El mundo es una fracción del Universo. Según la fuerza y limitaciones del hombre, la parte no es menor al todo, pues con frecuencia utilizamos la palabra Universo como sinónimo del mundo, cuyo conocimiento íntegro no logramos abarcar. Ni lo haremos jamás: la ignorancia supera al saber; los límites, a las capacidades. El conocimiento acumulado ayer, en otro siglo se perderá y habremos de empezar de nuevo a buscarlo.
La
dimensión del Universo es a tal grado inmensurable que nadie se atrevería al ridículo
de llamarlo su propiedad. En este mundo de posesiones privadas, nadie es en
realidad dueño del planeta. Ni siquiera de una “patria”. Quien dice “mi patria”

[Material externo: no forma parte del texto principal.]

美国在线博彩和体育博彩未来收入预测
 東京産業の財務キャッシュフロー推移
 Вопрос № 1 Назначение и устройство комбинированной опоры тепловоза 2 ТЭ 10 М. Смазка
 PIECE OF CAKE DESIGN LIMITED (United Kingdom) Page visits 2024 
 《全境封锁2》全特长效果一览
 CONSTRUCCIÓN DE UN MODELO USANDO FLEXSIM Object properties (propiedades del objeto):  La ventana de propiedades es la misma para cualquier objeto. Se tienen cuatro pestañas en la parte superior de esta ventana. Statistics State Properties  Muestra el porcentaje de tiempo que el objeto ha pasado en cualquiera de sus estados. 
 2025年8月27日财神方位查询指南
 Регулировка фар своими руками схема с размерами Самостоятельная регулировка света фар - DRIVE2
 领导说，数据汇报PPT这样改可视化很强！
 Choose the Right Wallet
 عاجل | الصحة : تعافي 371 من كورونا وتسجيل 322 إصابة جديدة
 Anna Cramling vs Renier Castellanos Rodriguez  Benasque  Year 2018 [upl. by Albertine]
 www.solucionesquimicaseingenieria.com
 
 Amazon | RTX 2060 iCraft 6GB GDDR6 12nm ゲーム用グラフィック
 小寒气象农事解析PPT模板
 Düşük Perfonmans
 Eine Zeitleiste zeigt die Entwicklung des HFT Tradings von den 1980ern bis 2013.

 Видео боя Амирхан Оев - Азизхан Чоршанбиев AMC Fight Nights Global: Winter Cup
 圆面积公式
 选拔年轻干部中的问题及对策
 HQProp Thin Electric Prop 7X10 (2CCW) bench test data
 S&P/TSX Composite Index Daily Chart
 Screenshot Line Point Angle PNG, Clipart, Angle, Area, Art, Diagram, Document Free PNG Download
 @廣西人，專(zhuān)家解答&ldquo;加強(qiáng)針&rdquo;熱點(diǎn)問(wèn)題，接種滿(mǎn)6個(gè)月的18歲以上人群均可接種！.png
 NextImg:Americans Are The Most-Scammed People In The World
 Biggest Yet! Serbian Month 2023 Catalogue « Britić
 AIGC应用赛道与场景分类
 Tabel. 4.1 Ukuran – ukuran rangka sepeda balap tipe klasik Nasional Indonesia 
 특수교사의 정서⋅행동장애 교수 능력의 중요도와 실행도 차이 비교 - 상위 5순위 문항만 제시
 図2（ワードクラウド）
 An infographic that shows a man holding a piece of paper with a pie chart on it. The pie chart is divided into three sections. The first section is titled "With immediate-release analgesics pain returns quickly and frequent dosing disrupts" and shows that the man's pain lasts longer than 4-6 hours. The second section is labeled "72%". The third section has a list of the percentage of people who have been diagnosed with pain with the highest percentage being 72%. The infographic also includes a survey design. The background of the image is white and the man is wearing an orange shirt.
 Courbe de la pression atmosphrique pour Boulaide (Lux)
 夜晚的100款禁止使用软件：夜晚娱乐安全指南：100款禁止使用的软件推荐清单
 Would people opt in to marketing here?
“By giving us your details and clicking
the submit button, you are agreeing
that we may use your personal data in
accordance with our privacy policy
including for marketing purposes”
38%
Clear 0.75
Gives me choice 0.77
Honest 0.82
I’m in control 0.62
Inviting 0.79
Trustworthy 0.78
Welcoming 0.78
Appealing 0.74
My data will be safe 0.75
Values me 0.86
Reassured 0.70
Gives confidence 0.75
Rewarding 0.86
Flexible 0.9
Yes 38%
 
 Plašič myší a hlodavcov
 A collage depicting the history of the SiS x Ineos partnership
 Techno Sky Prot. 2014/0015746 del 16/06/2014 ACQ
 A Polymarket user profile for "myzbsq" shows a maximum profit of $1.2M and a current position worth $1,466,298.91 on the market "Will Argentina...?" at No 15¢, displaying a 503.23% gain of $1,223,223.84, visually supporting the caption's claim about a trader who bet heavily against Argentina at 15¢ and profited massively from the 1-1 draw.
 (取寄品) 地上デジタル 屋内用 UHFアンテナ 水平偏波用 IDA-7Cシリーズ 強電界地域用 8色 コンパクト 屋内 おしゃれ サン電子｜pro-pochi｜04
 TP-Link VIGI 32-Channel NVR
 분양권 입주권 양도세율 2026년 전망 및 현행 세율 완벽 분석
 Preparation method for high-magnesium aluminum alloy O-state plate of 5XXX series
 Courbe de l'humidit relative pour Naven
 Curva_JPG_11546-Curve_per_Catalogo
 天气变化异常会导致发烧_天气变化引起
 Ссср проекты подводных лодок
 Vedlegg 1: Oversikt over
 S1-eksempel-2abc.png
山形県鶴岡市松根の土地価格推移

se embrolla en una mentira involuntaria: trate de entrar sin aviso, sin
permiso, a cualquier casa que no sea la suya en esa patria. Será expulsado de
buena o de peor manera. Y el dueño de
una casa, de una tierra extensa, no debería llamarla “propiedad privada”, sino “posesión
temporal”. Desde luego, ninguna persona sigue siendo dueña de cosa alguna cuando
deja de existir.
Un
ciudadano que reclama al inmigrante por la supuesta invasión de su país, no
hace más que engañarse: universo, mundo, patria o ciudad no son míos. Incluso
la casa que habitamos puede no ser nuestra, y si lo es, no pasa de ser morada efímera.
Siempre estamos encima de una porción de suelo (o de agua, o de aire). Al
caminar o viajar, el espacio ocupado es nuestra morada, una posesión momentánea.
Las
anteriores reflexiones no tienen que ver con ideas capitalistas o socialistas:
ambas ideologías especulan sobre lo mismo, la ilusión de propiedad sobre las cosas
materiales. La realidad es que todo territorio de natural riqueza sobre esta
Tierra (agua, suelo fértil, petróleo, buen clima) ha sido históricamente blanco
de codicia humana. Su “propiedad” pasa alternativamente a manos del pueblo más bien
armado o más abusón. A eso se debe que haya naciones dominantes y dominadas. A
eso, principalmente, se han debido siempre las guerras.
Hoy, si un
Estado poderoso invade a otro menos fuerte, tendrá el pretexto publicitario
perfecto e invencible: es para llevarles una mejor vida a esos pueblos débiles,
poco inteligentes, enfermos de corrupción y maldad. Si, en cambio, un grupo de
migrantes busca mejorar su vida en territorio de un Estado “próspero”, ese
grupo será llamado “invasor”, “horda de maleantes”, “terroristas”, etcétera.
Los migrantes serán siempre los malos; el país que los acepta o rechaza será el
bueno. ¿Por qué? Porque hay claras marcas de propiedad privada, llamadas fronteras,
y que cambian según la correlación de fuerzas en cada momento histórico, es
decir, según quién haya vencido en las recientes guerras que demarcaron las
líneas de lo tuyo y lo mío.
Las
fronteras son temporales, por mucho que duren; el discurso que en política define
al bueno y al malo también es transitorio y se adapta al tamaño de las fuerzas
que lo enuncian y manipulan.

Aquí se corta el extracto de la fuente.